Yes, k-means is a good clustering method that is commonly used to analyze microarray expression datasets. However, your question is unclear- are your referring to normalized signal on a per probeset basis? I do not know what you mean by "standardized". Clustering algorithms can correlate gene expression either based on absolute expression levels (strong vs. weak) or expression trends (induced vs. repressed). Whether a normalization step is useful or not depends on whether you want to focus your analysis on relative or absolute expression levels.
Of course, there are other forms of normalization when referring to the whole array dataset (RMA), and data transformations (most people prefer to work with log-2 transformed expression data), so you will need to clarify your question to get more valuable feedback here.
Thanks for your reply, Daniel!. I have already done the normalization and transformation before clustering the genes. Next step, I want to 'center' the genes by subtracting the mean across all samples. After this, I will carry on with kmeans clustering. Do you know how to determine the number of clusters that need to be specified in kmeans algorithm?
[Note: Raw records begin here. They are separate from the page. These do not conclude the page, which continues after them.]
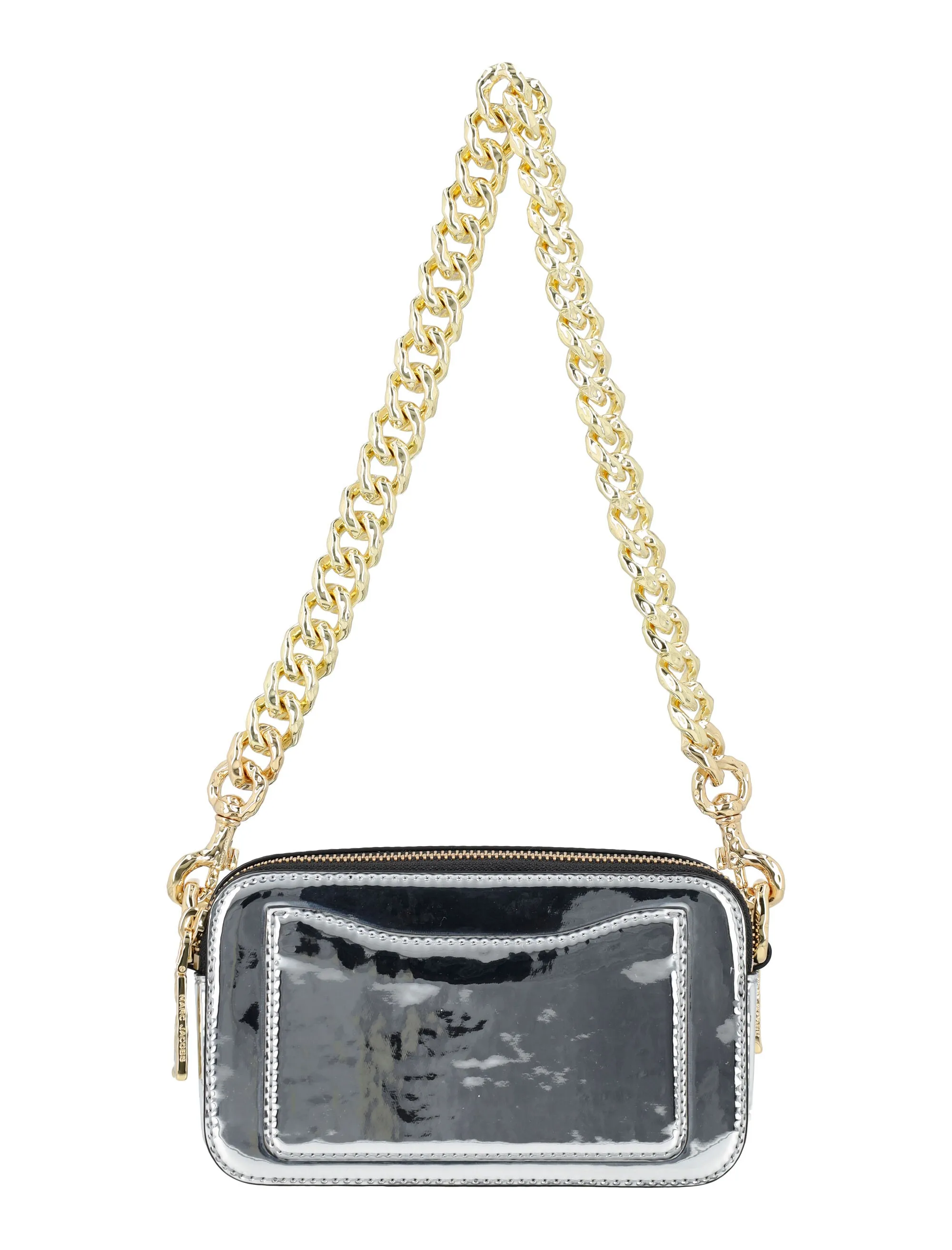 Marc Jacobs Snapshort Mirror Logo Plaque Shoulder Bag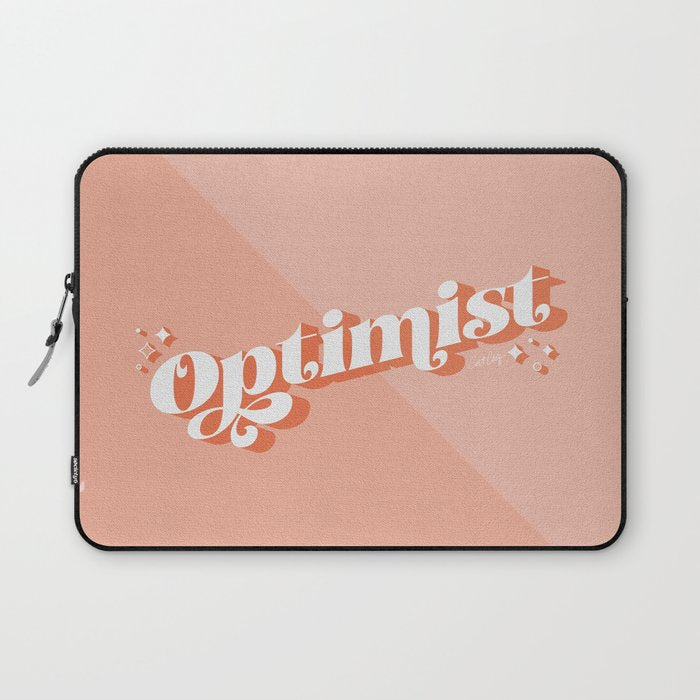 Optimist - Blush Laptop Sleeve Gallery Image 1
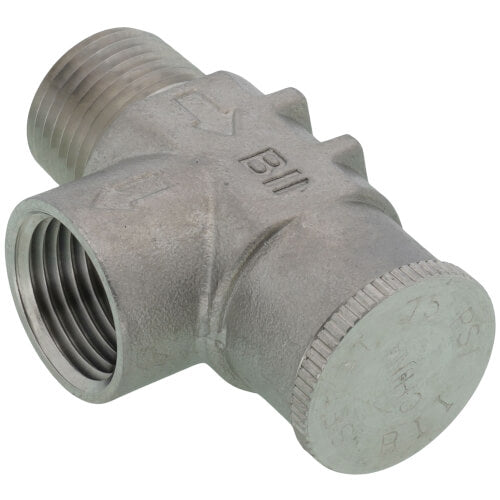 BOSHART Boshart SSRVN05-075 1/2 Stainless Steel Relief Valve 75 PSI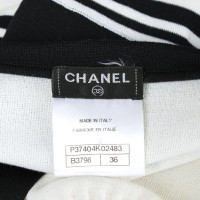 Chanel top in cream / black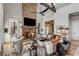 Cozy living room with a fireplace, comfortable seating, and stylish decor, creating a warm atmosphere at 430 Fish Tale Rd, Charleston, SC 29492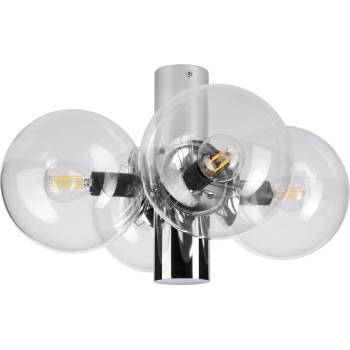 LAMKUR Плафон SFERIO 4xE14/5W/230V лъскав хром/прозрачен (LA60262)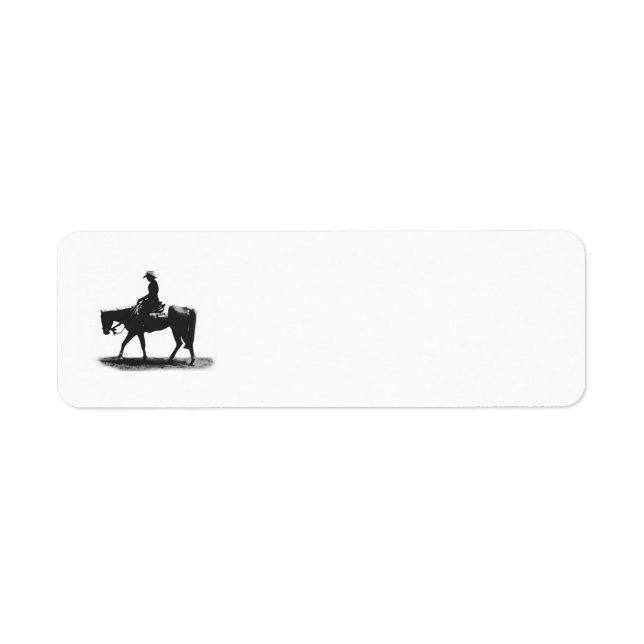 Étiquette de l'adresse de retour de plaisir de l'O (Devant)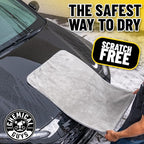 Chemical Guys Woolly Mammoth Large Microfiber Drying Towel - 36 x 25 Inch Gray, Ultra Plush Super Absorbent Car Drying Towel for Cars, Trucks, SUVs, Motorcycles, RVs, and Auto Detailing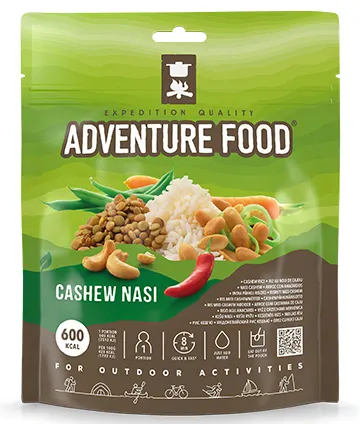 ADVENTURE FOOD Kešu nasi 140g (1 porce)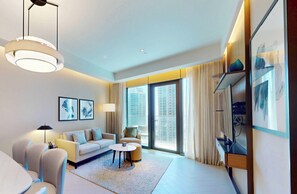 TV - Elegant 2BR in The Address Opera, Downtown (Dubai)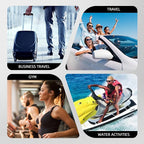 Vacuum Travel Bags With Pump,Vacuum Seal Bags For Clothing Travel,Ip67 Waterproof Vacuum Bags For Travel,Compression Packing 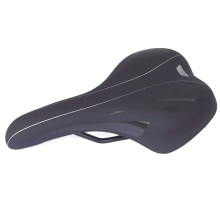 Седло Green Cycle GCS-2607, 280мм x 175мм, стальные рейлы, черное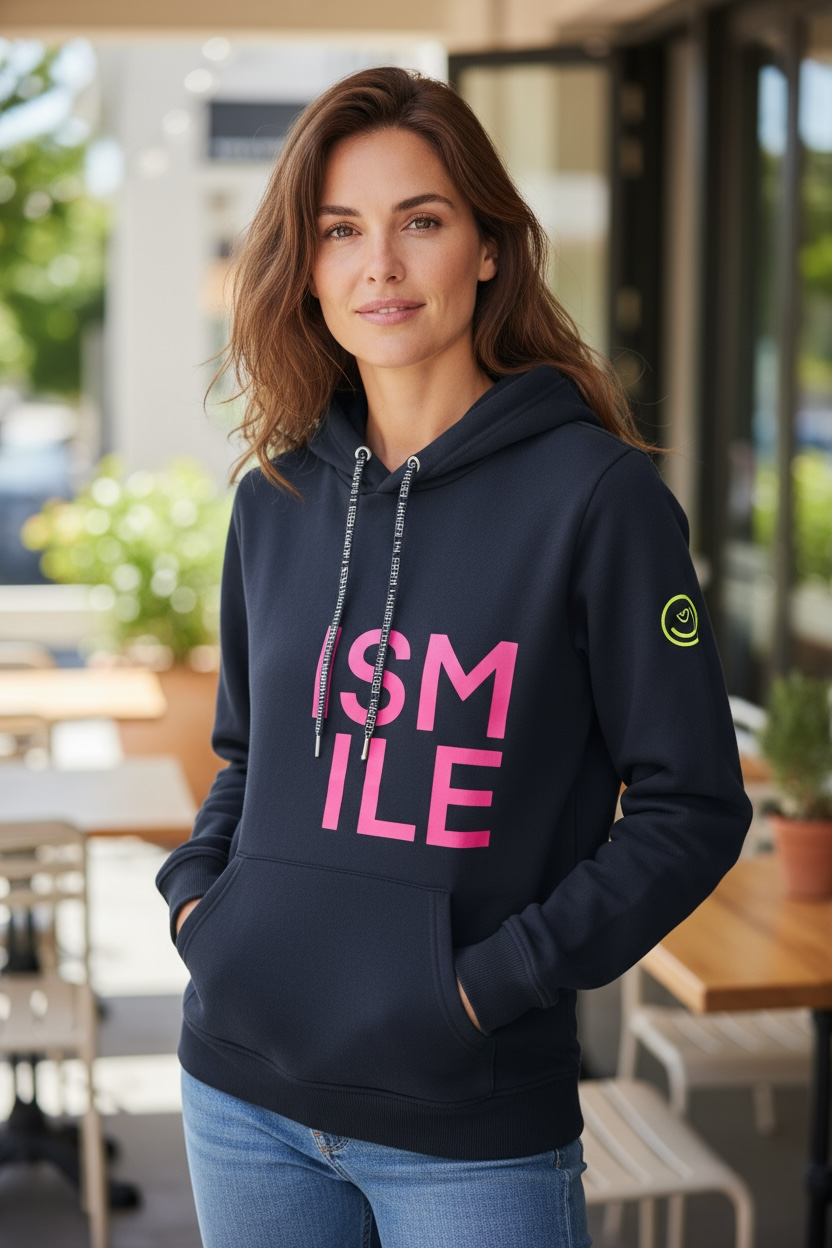 ZWILLINGSHERZ  HOODIE EASY BLUE MARINE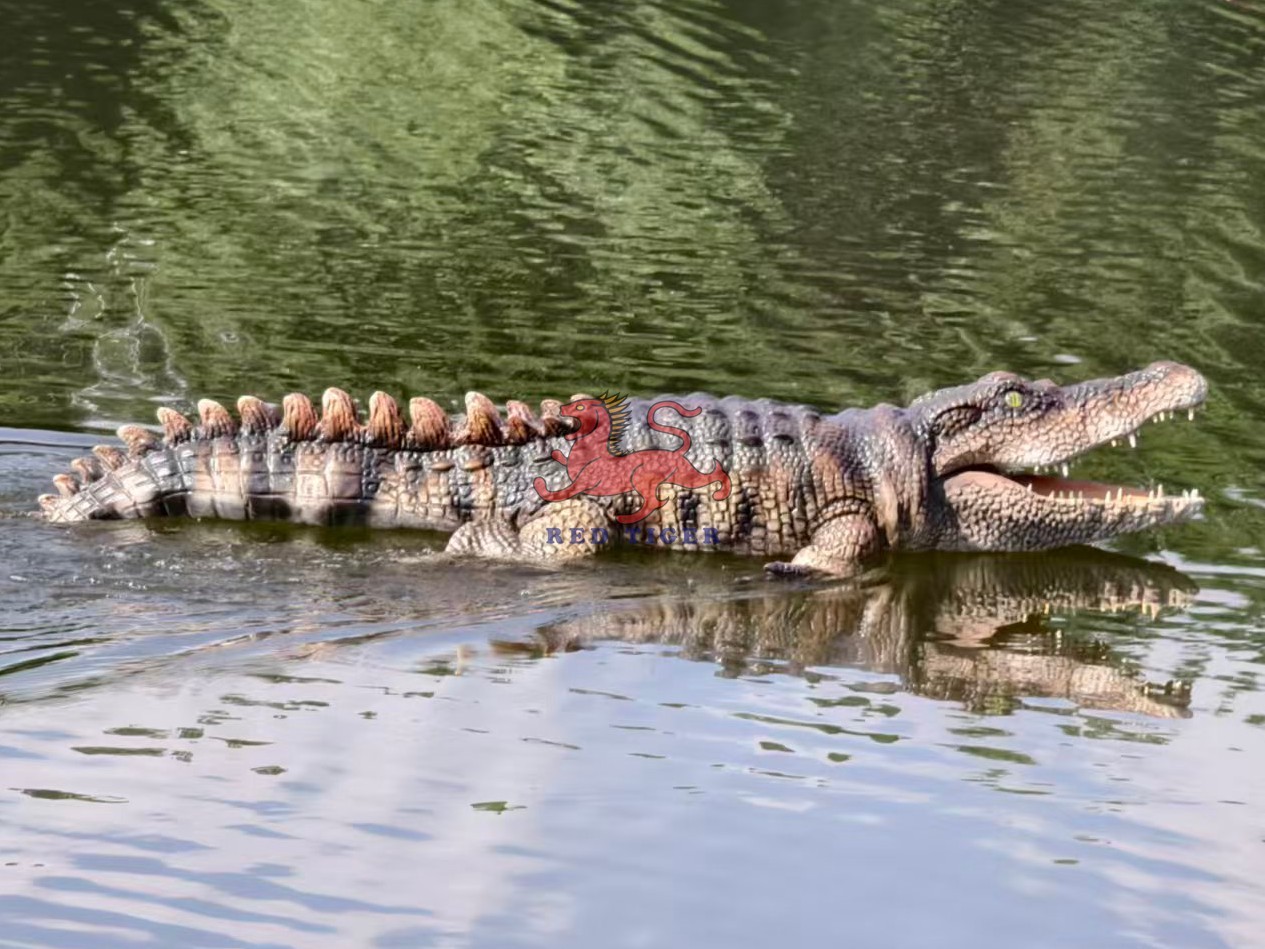 New Realistic Animatronic Remote Control Swimming Robot Crocodile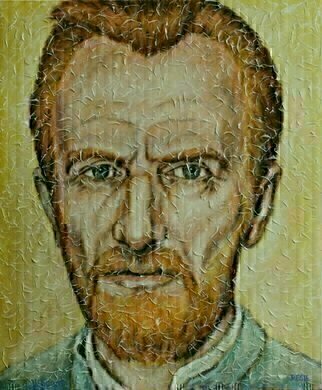 Yosef Reznikov, 'Vincent Van Gogh', 2020, original Mixed Media, 120 x 100  x 4 cm. Artwork description: 1758 Portrait of Van Gogh.Van Gogh s portraits figure prominently in the history of world painting.  A significant part of them was written in the 1880s- 1890s, that is, just at the time when the famous artist was going through a very controversial period of creativity on ...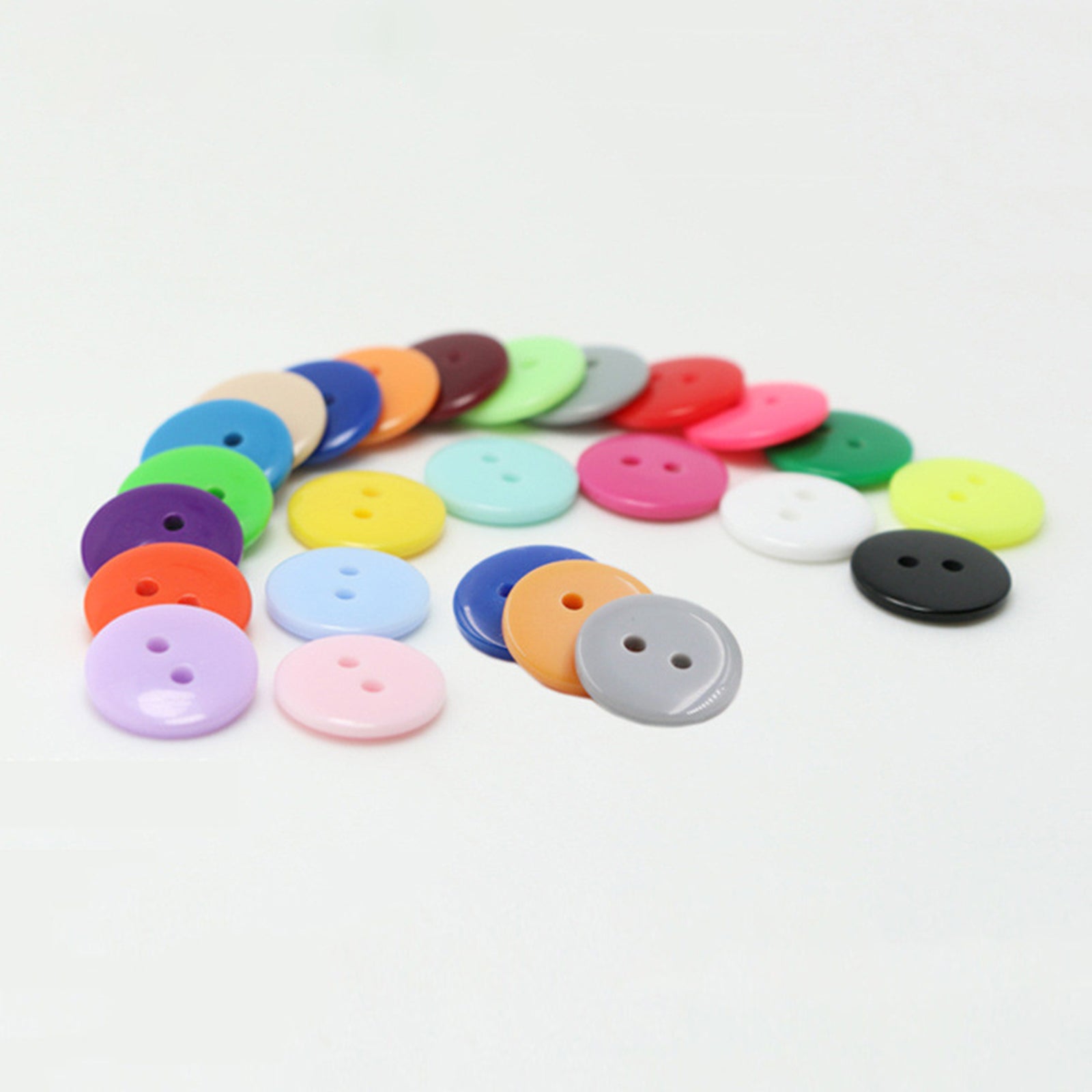 25 resin sewing buttons 10mm - Pick your color: blue, red, pink, purple, grey, beige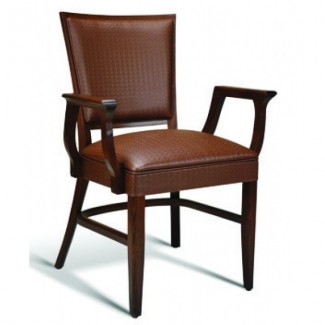 Beech Wood Stacking Arm Chair Quincy Series with Wrapped Sides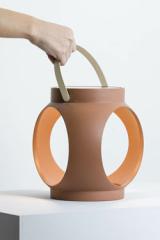 Wireless hand lamp Terracotta Candela. Faro. 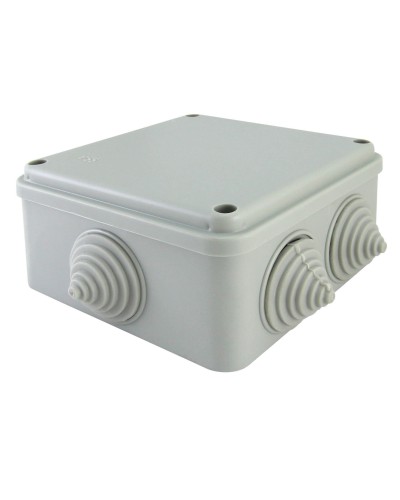 Коробка ОП 100х100х50мм, крышка на винтах, IP55, 6 вх. (SQ1401-1234). Распаячная коробка. TDM ЕLECTRIC в Ижевске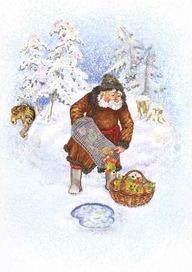 В білу сніговицю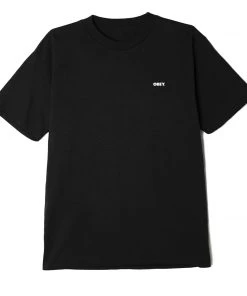 Mens OBEY - C.R.E.A.M. Icons Men's Sustainable Tee, Black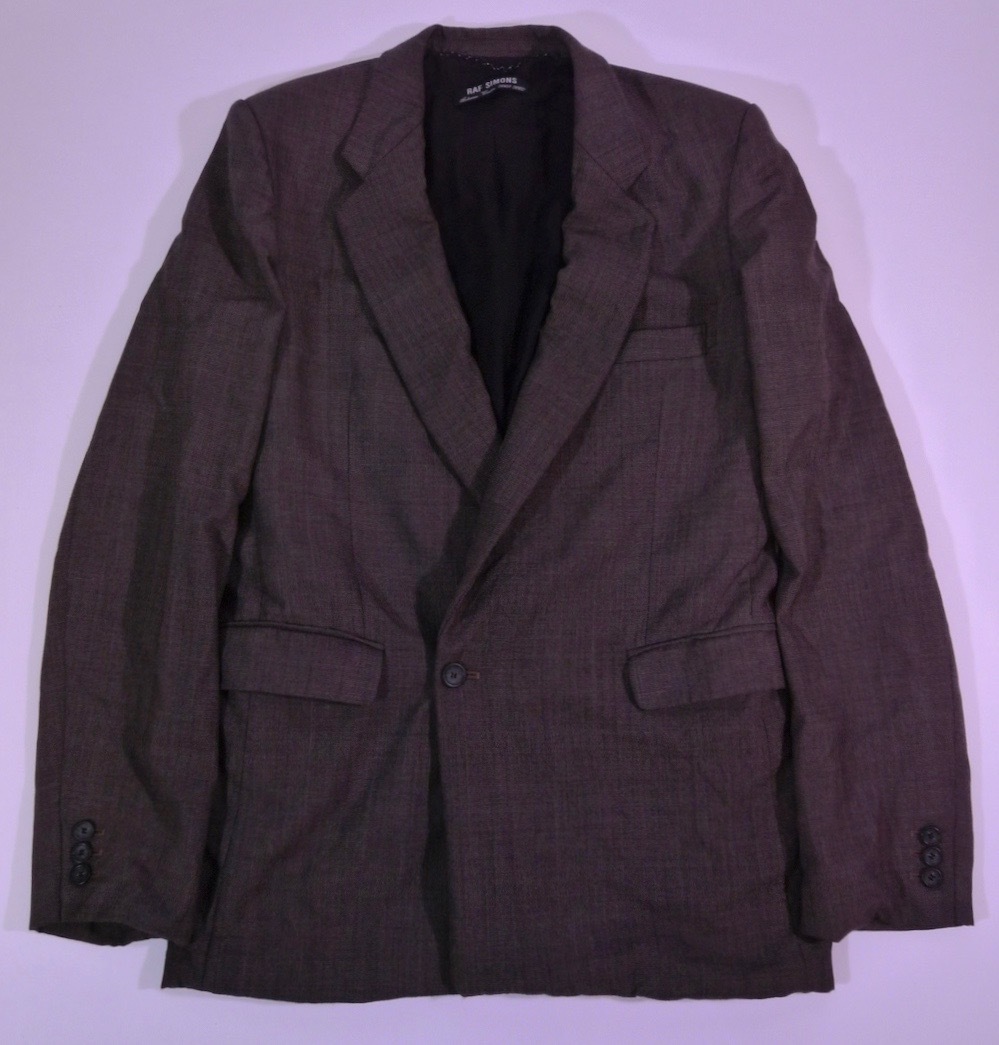 初期RAF SIMONS 2001-2002AW Riot Riot Riot テーラードジャケット 46 極 ダッドスタイル/スクールパンク ...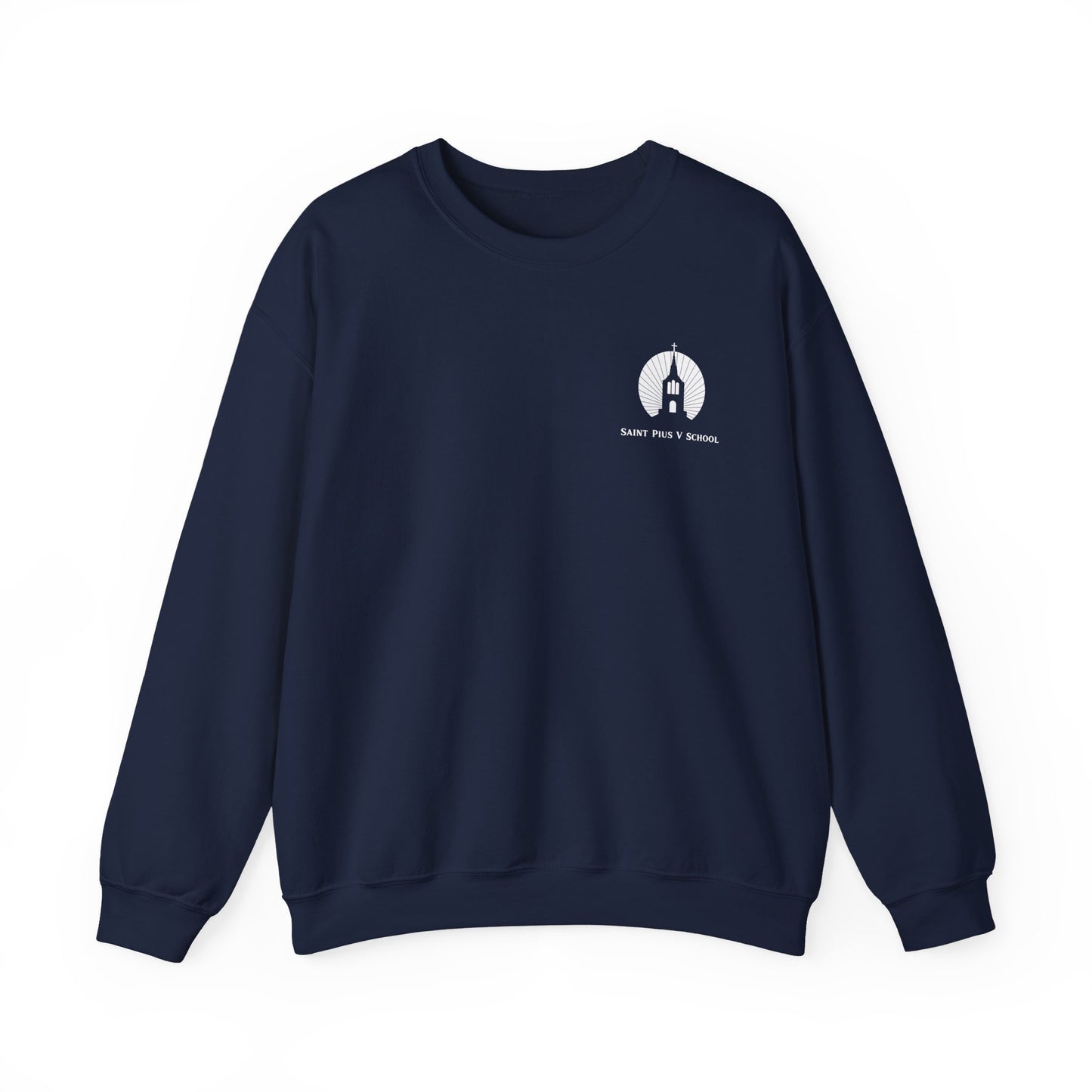 St. Pius V School - Lynn, MA Crewneck Sweatshirt (Adult Sizes)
This is done empirically. More clusters will give you improved resolution of related gene groupings, but increases computational time and the complexity of your output. Most people try several different cluster numbers, until they observe that no additional interesting biological trends are being highlighted/discovered. For example, for a 4-condition microarray (2x2 matrix of variables), I've seen anywhere between 8 and 20 clusters used. I believe there are some statistical approaches towards determining an optimal number of clusters for a given dataset based on correlation scores achieved in the different clusters. However, I think it is fine to play around with different setting and follow your scientific intuition.
"R package" is good package to handle specially microarray data. where you can do kmean clustering and also find out the number of cluster and many more option it has.
There are a couple of different ways of determining the number of clusters that best fit your data. I suggest having a look at the Calinski-Harabasz index as well as the Silhouette index (there are R packages for computing both of these) to get an idea of what the best number of clusters might me.
Thanks for your reply, Paul! I found two packages fpc and clustersim. Some people argued that the two packages gave different results. Which one do you prefer?
I would go for "fpc". 'clustersim' uses more than just the distance matrix as input which strikes me as a bit weird. Namely, it asks for the data from which the distance is computed and i think assumes your distance is euclidean. I for one don't use euclidean that much and with clustersim i sometimes get negative CH indexes.
Firstly, is you want to check out the CH index and how it works (i had a hard time finding the original paper and there's no wiki article :( ) have a look at: http://www.tandfonline.com/doi/abs/10.1080/03610927408827101
(I'm posting the link here, because there's a typo in the author name which makes it hard to find)
Secondly and more relevant, you might want to consider a small variation to the silhouette index if you're going to use it. Namely, the fpc implementation will give you the best cluster number based on the mean of the indexes of all points. (since the silhouette index will compute one value per point). If your clusters aren't very clear-cut (which, they usually aren't) you might want to use the median instead. For this i recommend the silhouette function in the cluster package. Results are the same as in the fpc, but it's easier to get the intermediate values.